TASK TO CARRY OUT —
In the records below, find the line that contains "Sticker Grey stripped" and the line that contains "Labrador Retriever 4 (black female)". Set down exactly those lines and every line between them, and nothing more.

Recorded data —
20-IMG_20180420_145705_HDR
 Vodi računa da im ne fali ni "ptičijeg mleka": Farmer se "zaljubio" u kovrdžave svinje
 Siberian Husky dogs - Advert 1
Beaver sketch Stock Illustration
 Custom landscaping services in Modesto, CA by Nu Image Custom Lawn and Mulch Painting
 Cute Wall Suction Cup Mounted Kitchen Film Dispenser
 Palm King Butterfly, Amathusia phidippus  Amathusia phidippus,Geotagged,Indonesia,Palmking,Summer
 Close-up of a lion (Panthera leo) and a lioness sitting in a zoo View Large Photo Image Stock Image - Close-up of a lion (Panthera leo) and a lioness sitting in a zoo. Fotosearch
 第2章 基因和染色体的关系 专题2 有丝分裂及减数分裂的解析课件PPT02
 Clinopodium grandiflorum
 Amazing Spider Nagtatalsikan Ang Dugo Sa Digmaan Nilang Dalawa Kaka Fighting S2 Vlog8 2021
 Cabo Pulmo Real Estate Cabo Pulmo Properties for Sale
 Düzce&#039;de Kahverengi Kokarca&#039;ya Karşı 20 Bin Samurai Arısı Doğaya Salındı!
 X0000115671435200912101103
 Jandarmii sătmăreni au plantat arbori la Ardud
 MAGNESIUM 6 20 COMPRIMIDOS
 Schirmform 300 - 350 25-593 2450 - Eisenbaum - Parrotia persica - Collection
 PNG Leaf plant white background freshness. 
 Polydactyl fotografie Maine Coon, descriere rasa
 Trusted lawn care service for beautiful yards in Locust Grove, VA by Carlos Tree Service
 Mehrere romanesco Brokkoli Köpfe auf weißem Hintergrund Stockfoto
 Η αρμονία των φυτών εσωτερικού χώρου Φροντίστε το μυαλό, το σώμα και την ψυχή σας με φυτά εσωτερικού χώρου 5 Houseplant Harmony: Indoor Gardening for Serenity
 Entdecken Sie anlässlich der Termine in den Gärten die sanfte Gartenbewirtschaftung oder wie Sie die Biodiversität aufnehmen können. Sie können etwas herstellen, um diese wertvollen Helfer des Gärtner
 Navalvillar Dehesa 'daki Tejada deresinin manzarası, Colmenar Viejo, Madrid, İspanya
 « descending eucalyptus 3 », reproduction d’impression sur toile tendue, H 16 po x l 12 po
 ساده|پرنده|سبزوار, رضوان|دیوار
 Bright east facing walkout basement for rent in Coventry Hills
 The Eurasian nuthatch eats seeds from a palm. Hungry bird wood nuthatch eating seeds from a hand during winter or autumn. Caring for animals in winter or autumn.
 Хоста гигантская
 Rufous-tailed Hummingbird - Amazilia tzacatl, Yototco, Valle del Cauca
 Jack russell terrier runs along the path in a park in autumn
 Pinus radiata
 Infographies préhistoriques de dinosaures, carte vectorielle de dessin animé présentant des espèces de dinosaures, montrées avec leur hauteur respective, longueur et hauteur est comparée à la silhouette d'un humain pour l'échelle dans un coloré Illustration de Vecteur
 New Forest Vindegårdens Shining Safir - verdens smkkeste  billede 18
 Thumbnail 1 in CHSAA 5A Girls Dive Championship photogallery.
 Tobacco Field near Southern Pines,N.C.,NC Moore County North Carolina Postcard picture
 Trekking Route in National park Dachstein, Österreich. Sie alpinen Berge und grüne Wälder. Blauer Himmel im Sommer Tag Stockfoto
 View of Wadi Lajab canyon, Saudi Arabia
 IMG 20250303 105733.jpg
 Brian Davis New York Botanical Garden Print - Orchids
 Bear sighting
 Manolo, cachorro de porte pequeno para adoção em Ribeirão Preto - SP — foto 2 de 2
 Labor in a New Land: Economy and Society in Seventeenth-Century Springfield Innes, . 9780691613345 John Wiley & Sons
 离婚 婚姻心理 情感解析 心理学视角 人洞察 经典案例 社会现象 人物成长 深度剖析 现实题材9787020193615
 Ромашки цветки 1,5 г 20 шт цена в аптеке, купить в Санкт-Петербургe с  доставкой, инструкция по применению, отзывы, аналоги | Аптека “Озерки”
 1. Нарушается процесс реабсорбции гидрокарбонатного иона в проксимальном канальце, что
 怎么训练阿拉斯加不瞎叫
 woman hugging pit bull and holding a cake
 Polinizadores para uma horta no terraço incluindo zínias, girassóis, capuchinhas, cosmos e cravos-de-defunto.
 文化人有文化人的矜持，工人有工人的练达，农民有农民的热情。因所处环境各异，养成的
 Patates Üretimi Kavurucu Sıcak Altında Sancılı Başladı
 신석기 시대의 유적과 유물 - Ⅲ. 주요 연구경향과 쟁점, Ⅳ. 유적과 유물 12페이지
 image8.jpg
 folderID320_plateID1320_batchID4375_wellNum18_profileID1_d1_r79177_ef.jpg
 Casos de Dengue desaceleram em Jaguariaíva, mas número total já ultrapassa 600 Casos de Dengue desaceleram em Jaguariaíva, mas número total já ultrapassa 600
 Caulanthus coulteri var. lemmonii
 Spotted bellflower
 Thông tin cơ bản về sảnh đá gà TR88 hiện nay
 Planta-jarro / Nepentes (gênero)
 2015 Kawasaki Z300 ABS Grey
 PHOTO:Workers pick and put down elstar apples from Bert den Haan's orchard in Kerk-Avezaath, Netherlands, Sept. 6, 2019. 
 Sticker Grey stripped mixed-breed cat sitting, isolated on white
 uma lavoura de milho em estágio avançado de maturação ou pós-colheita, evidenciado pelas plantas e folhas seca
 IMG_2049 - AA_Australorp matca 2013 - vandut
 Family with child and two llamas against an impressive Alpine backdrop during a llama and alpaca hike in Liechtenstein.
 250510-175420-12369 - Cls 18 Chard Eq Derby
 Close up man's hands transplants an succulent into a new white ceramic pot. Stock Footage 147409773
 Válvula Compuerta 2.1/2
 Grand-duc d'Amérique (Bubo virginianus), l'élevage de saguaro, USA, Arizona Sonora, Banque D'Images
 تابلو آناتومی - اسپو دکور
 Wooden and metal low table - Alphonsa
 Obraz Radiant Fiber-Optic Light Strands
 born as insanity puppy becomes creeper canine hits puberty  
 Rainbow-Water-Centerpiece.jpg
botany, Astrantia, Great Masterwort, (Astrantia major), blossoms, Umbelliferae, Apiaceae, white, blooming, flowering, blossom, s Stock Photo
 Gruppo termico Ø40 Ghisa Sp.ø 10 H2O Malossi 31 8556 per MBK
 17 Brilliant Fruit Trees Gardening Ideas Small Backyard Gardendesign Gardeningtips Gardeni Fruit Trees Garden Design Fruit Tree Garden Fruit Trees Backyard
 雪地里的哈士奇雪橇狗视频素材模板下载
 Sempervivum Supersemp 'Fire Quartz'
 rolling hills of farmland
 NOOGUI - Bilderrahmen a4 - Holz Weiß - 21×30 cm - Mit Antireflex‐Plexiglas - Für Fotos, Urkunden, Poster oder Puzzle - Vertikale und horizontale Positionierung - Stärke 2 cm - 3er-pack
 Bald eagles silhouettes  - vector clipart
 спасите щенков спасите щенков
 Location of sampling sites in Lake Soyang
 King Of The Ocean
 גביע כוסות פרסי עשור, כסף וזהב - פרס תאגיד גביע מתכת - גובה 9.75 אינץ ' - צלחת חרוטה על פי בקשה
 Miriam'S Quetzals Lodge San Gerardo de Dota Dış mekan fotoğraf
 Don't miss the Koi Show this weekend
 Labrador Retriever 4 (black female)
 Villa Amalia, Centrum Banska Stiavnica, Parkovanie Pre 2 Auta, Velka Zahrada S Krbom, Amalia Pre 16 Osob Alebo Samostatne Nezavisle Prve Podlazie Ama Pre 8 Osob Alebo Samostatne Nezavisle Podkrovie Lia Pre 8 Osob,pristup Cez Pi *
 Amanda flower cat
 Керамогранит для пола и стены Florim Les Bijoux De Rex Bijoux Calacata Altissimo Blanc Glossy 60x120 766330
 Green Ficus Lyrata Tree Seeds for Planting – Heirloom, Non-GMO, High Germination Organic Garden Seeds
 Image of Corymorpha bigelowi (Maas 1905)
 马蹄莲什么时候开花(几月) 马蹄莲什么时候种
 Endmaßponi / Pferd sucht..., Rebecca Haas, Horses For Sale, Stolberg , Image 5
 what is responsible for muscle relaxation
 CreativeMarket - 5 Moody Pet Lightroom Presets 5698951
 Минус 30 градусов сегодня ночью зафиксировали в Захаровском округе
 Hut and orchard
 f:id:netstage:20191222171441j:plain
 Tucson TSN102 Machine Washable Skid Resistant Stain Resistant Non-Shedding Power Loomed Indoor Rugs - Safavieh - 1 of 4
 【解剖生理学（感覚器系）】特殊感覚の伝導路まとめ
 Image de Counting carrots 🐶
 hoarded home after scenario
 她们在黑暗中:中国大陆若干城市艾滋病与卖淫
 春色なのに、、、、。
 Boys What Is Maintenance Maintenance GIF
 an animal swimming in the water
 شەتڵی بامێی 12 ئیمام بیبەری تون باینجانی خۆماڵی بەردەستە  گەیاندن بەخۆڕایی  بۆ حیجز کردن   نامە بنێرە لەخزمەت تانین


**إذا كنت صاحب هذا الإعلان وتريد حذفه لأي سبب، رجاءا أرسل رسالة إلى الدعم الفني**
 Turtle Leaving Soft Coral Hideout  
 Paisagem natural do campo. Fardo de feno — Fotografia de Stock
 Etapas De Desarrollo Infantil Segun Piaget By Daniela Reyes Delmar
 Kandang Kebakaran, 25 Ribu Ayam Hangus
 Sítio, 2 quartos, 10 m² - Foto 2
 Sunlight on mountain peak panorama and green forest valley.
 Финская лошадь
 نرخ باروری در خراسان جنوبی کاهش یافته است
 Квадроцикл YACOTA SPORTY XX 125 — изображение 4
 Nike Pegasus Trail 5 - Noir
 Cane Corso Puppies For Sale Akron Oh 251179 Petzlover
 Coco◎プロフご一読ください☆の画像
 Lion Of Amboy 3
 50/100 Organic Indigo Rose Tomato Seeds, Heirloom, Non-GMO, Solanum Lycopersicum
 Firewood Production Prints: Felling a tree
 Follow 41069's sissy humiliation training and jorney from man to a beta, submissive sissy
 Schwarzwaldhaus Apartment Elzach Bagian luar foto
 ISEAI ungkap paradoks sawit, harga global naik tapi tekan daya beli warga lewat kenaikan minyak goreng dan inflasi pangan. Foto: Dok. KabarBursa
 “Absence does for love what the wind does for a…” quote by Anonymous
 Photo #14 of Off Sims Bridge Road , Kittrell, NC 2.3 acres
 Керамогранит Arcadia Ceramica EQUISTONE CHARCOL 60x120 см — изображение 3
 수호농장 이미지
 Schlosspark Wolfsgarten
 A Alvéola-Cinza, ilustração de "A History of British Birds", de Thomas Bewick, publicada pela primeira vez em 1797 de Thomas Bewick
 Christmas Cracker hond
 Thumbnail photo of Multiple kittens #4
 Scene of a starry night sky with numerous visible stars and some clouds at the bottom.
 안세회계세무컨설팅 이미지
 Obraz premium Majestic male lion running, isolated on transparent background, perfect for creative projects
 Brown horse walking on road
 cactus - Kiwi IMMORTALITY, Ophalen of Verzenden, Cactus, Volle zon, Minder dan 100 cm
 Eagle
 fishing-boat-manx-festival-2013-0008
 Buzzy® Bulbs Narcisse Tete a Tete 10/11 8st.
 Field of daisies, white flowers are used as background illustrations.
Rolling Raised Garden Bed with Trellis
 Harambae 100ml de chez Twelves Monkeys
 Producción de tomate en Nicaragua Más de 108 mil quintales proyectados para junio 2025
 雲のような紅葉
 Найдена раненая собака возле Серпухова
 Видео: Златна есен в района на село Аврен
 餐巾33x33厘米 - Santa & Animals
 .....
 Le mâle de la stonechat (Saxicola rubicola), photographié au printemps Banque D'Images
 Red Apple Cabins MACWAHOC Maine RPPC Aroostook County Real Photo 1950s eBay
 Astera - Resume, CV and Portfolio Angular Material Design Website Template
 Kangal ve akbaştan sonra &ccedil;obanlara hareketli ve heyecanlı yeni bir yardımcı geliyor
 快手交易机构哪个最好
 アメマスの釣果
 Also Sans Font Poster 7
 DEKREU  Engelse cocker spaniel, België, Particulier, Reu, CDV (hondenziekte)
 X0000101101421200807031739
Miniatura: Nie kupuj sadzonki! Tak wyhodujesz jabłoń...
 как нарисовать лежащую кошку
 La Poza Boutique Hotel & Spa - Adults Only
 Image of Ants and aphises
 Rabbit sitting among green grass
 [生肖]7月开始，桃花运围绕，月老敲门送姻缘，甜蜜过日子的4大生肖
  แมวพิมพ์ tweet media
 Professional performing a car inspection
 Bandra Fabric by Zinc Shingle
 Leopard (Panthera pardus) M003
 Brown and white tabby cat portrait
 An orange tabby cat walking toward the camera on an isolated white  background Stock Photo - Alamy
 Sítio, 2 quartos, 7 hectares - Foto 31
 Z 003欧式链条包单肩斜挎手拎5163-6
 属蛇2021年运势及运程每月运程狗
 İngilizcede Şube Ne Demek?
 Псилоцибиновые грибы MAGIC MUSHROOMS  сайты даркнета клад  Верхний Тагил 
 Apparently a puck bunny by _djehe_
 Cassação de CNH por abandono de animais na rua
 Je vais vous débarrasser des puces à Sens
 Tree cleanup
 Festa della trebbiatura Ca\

EXERCISE SOLUTION —
 Sticker Grey stripped mixed-breed cat sitting, isolated on white
 uma lavoura de milho em estágio avançado de maturação ou pós-colheita, evidenciado pelas plantas e folhas seca
 IMG_2049 - AA_Australorp matca 2013 - vandut
 Family with child and two llamas against an impressive Alpine backdrop during a llama and alpaca hike in Liechtenstein.
 250510-175420-12369 - Cls 18 Chard Eq Derby
 Close up man's hands transplants an succulent into a new white ceramic pot. Stock Footage 147409773
 Válvula Compuerta 2.1/2
 Grand-duc d'Amérique (Bubo virginianus), l'élevage de saguaro, USA, Arizona Sonora, Banque D'Images
 تابلو آناتومی - اسپو دکور
 Wooden and metal low table - Alphonsa
 Obraz Radiant Fiber-Optic Light Strands
 born as insanity puppy becomes creeper canine hits puberty  
 Rainbow-Water-Centerpiece.jpg
botany, Astrantia, Great Masterwort, (Astrantia major), blossoms, Umbelliferae, Apiaceae, white, blooming, flowering, blossom, s Stock Photo
 Gruppo termico Ø40 Ghisa Sp.ø 10 H2O Malossi 31 8556 per MBK
 17 Brilliant Fruit Trees Gardening Ideas Small Backyard Gardendesign Gardeningtips Gardeni Fruit Trees Garden Design Fruit Tree Garden Fruit Trees Backyard
 雪地里的哈士奇雪橇狗视频素材模板下载
 Sempervivum Supersemp 'Fire Quartz'
 rolling hills of farmland
 NOOGUI - Bilderrahmen a4 - Holz Weiß - 21×30 cm - Mit Antireflex‐Plexiglas - Für Fotos, Urkunden, Poster oder Puzzle - Vertikale und horizontale Positionierung - Stärke 2 cm - 3er-pack
 Bald eagles silhouettes  - vector clipart
 спасите щенков спасите щенков
 Location of sampling sites in Lake Soyang
 King Of The Ocean
 גביע כוסות פרסי עשור, כסף וזהב - פרס תאגיד גביע מתכת - גובה 9.75 אינץ ' - צלחת חרוטה על פי בקשה
 Miriam'S Quetzals Lodge San Gerardo de Dota Dış mekan fotoğraf
 Don't miss the Koi Show this weekend
 Labrador Retriever 4 (black female)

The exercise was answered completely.